The pro-Pacquiao crowd at the Axiata Arena in Kuala Lumpur, Malaysia went home happy as their hero stopped Matthysse in 7 largely one-sided rounds. Pacquiao either by design or decline was more flat-footed than the Pacquiao of old but he still had more than enough to dismantle Matthysse who was a major disappointment in losing his WBA regular welterweight title.

Despite the odd fleeting success Matthysse was thoroughly dominated by the Filipino legend and was dropped 3 times during the fight. A beautifully timed uppercut from Pacquiao dropped his opponent in the 3rd, Matthysse took a knee at the end of the 5th and the final knockdown in the 7th prompted the referee Kenny Bayless to call a halt to the fight.
Pacquiao at the post-fight press conference seemed pleased with his night’s work:
“I’m not gone I’m still here. Sometimes you just need to rest and get it back, and that’s what I did.”
I gave Pacquiao every round, Matthysse only looked like getting something going in the 5th and when he got dropped again towards the end of that round all his momentum and any reasonable chance of victory had gone.
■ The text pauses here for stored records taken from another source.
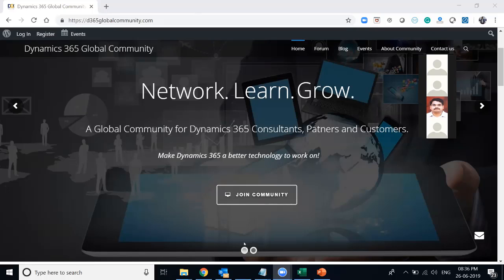Thank you, Firoz. Thank you very much for the introduction. Good morning and good evening, folks. Thank you for joining this session. I am Sudip Chakravarti and today I'll be talking about portals for Dynamics 365, which is an out-of-box portal solution provided by Microsoft. Let me share my screen.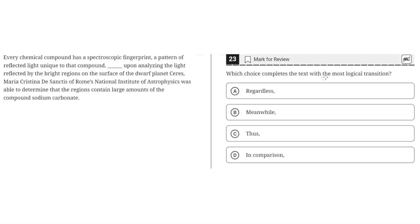Which choice completes the text with the most logical transition? Every chemical compound has a spectroscopic fingerprint, a pattern of reflected light unique to the compound.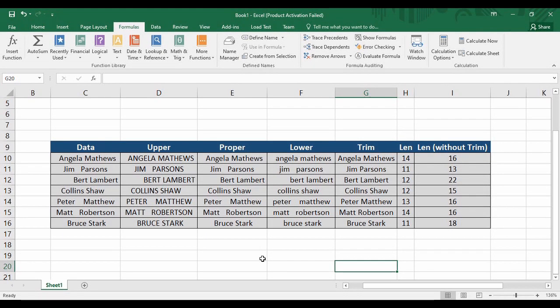Hey guys, welcome back to the YouTube channel Programming Knowledge. In today's Microsoft Excel tutorials video, we are going to see the usage of the various text functions available in Microsoft Excel. From our previous discussions, we already know there are a bunch of functions given to us by Microsoft Excel that can be used for a variety of purposes like calculating logical output, arithmetic output, or mathematical functions. In today's video we are going to see what text functions are available and how we can use them to manipulate text data.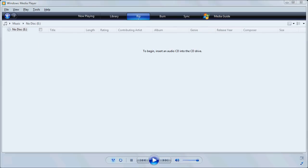When it's done ripping, it'll eject the CD if we left that checkbox checked, and our display of the Rip screen will disappear.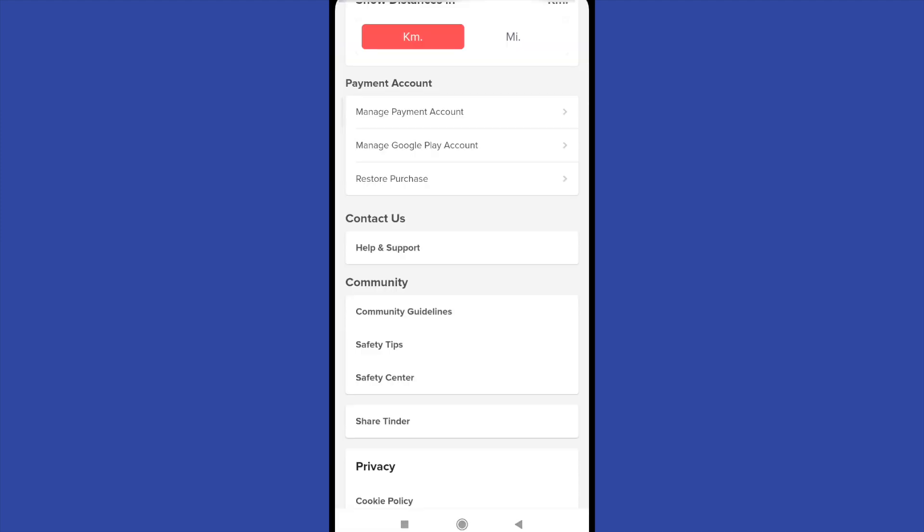The second option is manage Google Play account. So many times you can add a credit card to your Google account and automatically it's going to be an option on your payment method.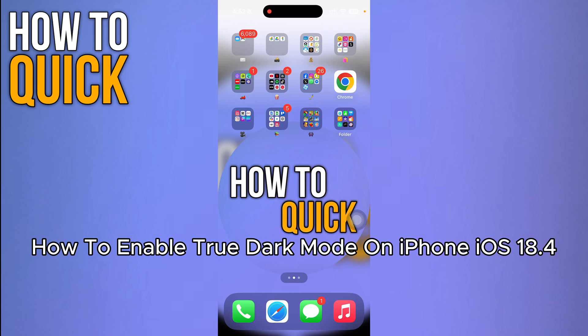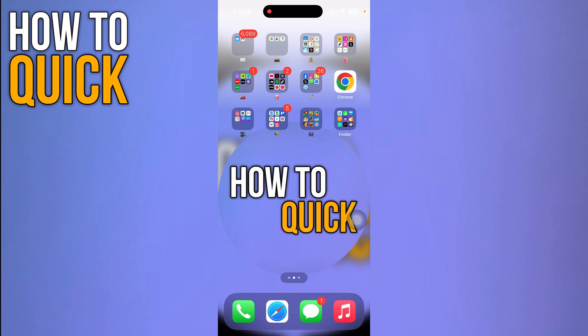How to enable true dark mode on iPhone. Hi guys, in this video I'm going to show you step by step how you can enable true dark mode on iPhone. So let's dive in. Make sure you are using the latest version of the software update.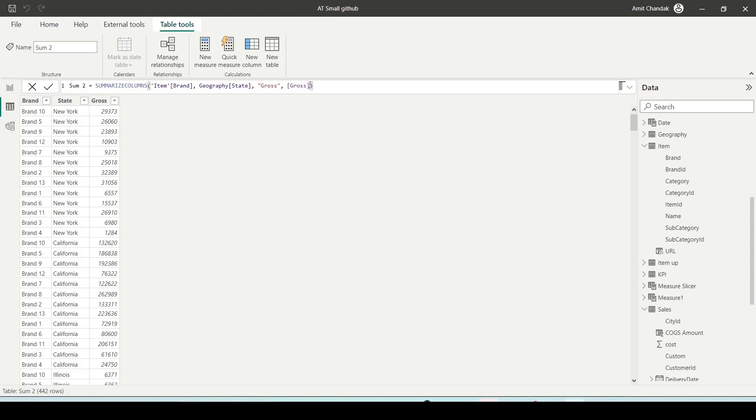Both in Summarize and SummarizeColumns, you can add filter conditions. But there you had a row context, here you don't have a row context. That's the major difference. So you can talk about that in your interview.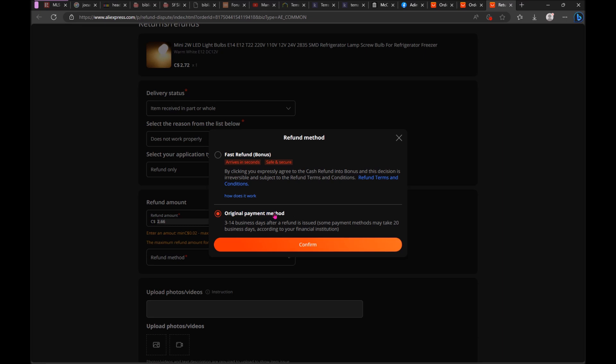This way you receive money into your credit card bank account. This way is just AliExpress putting some sort of credit on your AliExpress account for future buy. It's up to you, but I prefer this way.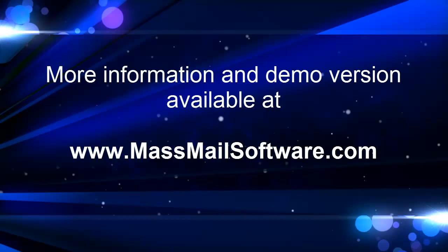Go to massmailsoftware.com to download Atomic List Manager and try it for free.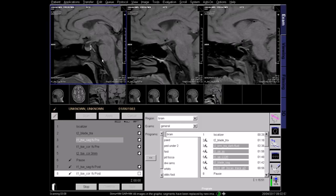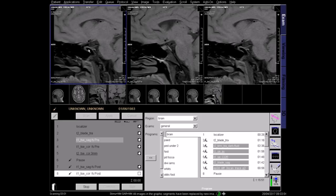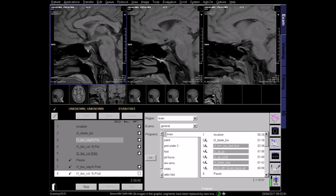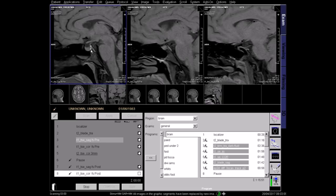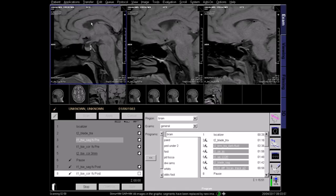This is the T1 sagittal fat-saturated sequence. This is the pituitary gland and the corresponding pituitary stalk. Ensure sufficient coverage from side to side. Notice the dark fluid in the lateral ventricle, which is characteristic of a T1 image, where fluid is dark.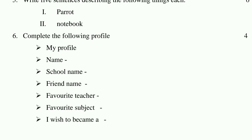Question 6: Complete the following profile. This is for four marks. Write your name, school name, friend's name, favorite teacher, favorite subject, and what you wish to become — doctor, engineer, teacher, professor, or businessman. Write your own answers in full sentences.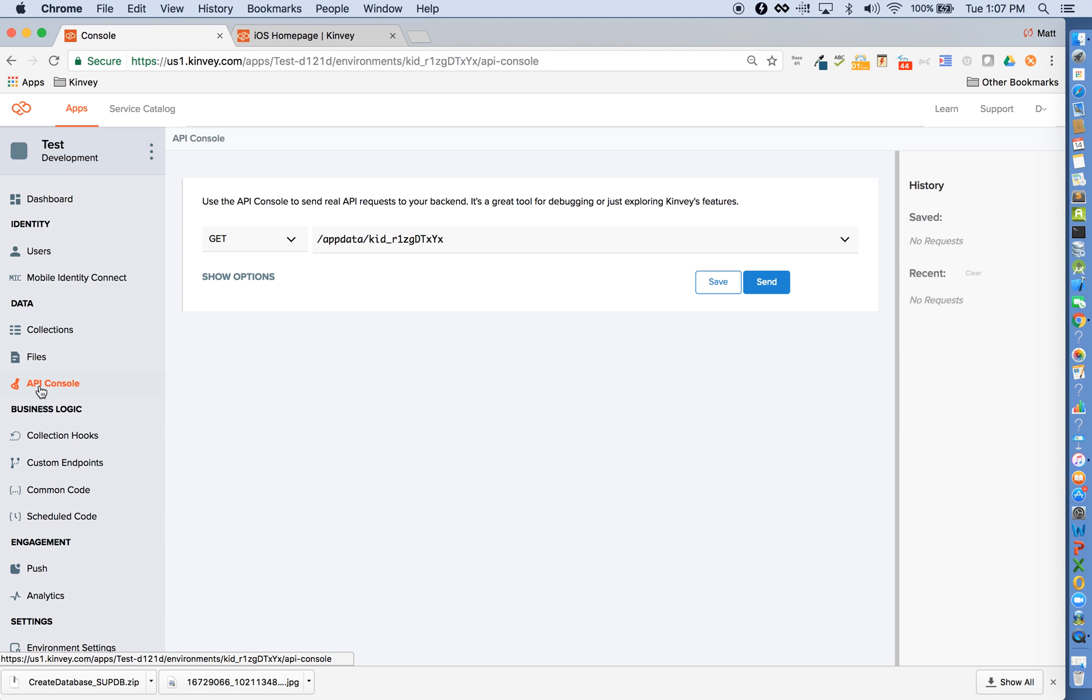The API console is a testing tool, similar to something like Postman, where the front-end developer can see exactly what response he or she can expect back from Convey.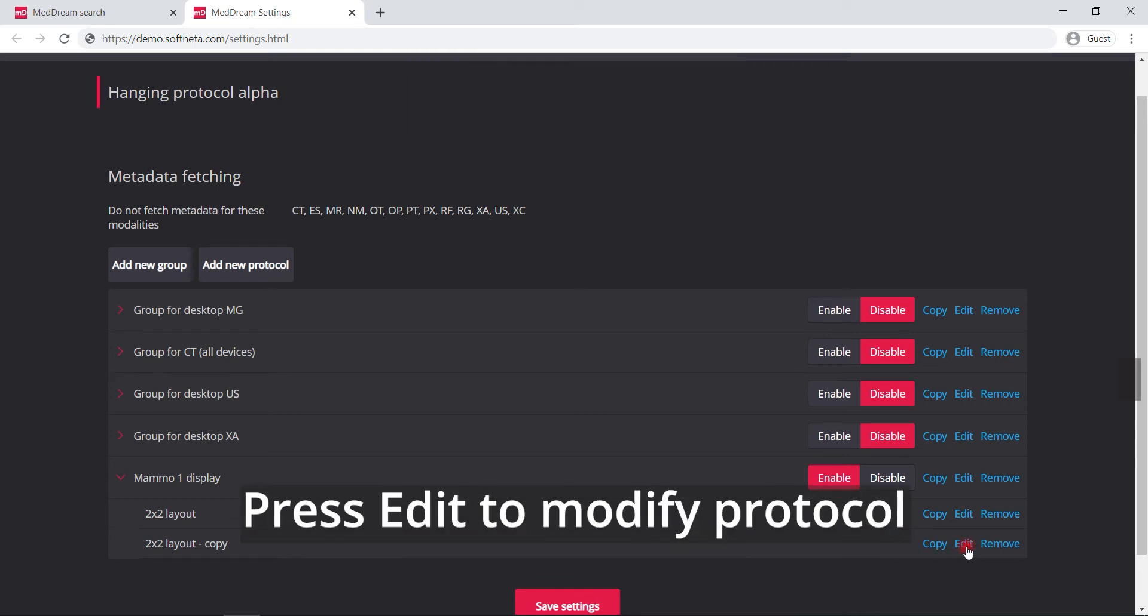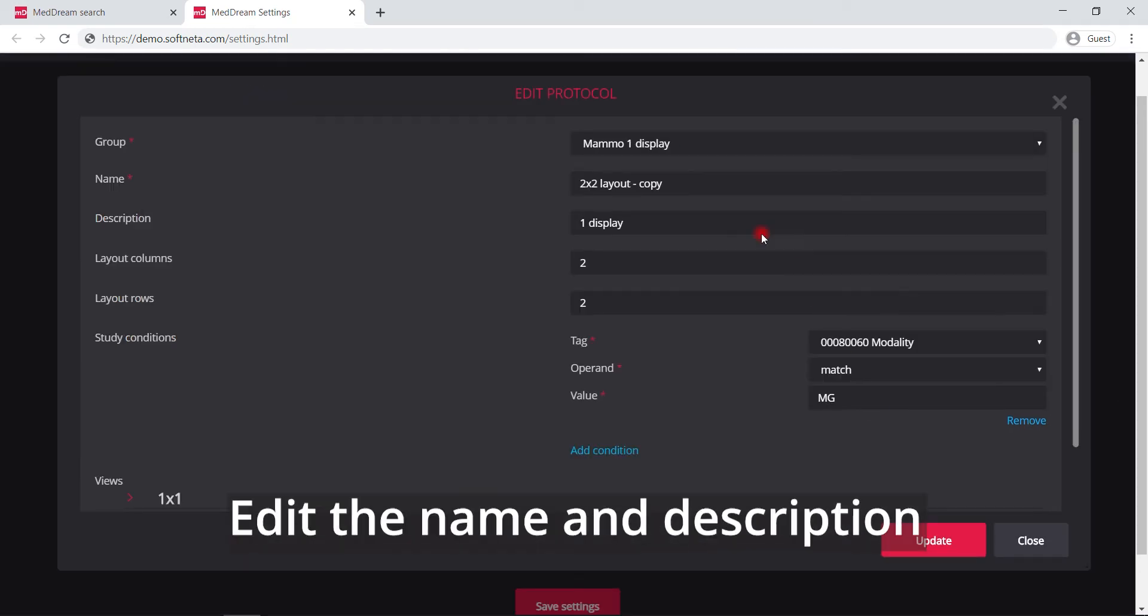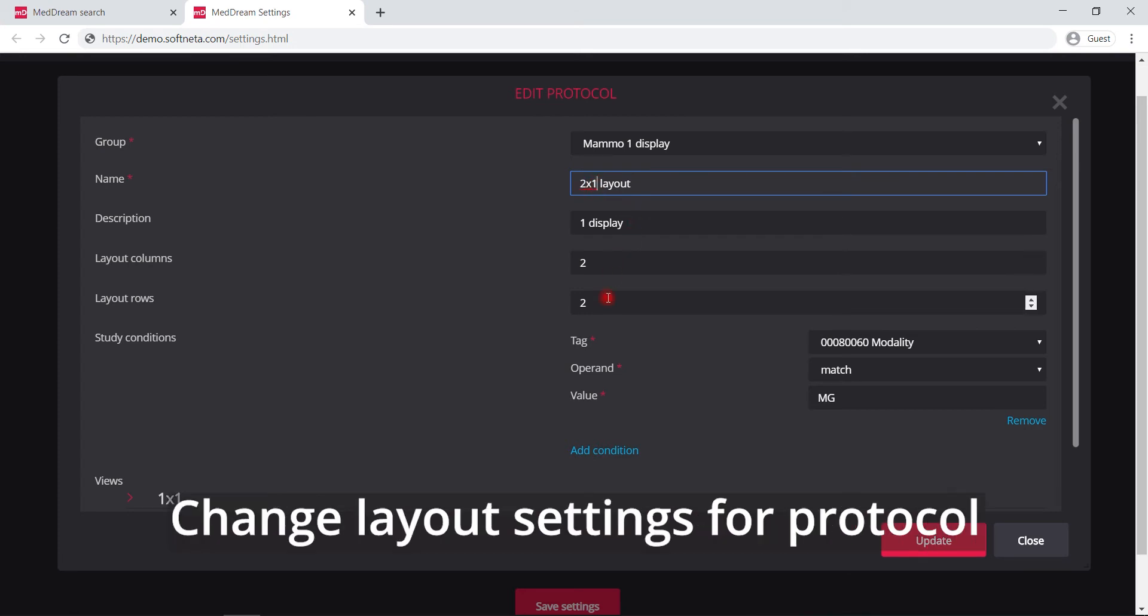Click edit to modify protocol. Edit the name and description if needed. Also modify the layout settings.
Matthysse talks of fighting on, a decision he seriously needs to reconsider.
“Sometimes you win and sometimes you lose. Today was my turn to lose and I lost to a great fighter and a great legend in Manny Pacquiao. I’m going to take a rest, take a break. I worked really hard and I want to go back home to my family. This is part of boxing that you win some and lose some. Today was my turn to lose but nothing more.”
At 35 its difficult to see where Matthysse can go, his performance was one of those where a fighter just gets old in front of us. In a snake pit of a division if Matthysse carries on an even more painful defeat awaits him.
For Pacquiao, the win keeps the show on the road and in his first fight in 17 years without Freddie Roach he admittedly looked much better than he did last time out against Jeff Horn. But that said we should not be fooled into thinking that this is some reborn fighter who has turned back the clock. Yes, he looked better than he did against Horn last year but this version of Matthysse certainly helped the illusion of a clock being turned back.
Pacquiao retired Oscar De La Hoya and its inevitable that Pacquiao himself will suffer a similar fate, the likes of Keith Thurman, Terrence Crawford and especially Errol Spence Jr will prove far more formidable foes than Matthysse was in Kuala Lumpur. Amir Khan is a much more realistic future opponent or maybe the Horn rematch.
In 1975 Muhammad Ali and Joe Frazier gave us one of the greatest fights in boxing history and both should have retired on the spot, neither did and both suffered in later life as a consequence. Personally speaking, this is another fight where I hope we don’t see either boxer fight again, neither will retire of course and both will ultimately leave the sport after a younger fighter’s fists convinces them its best to do so.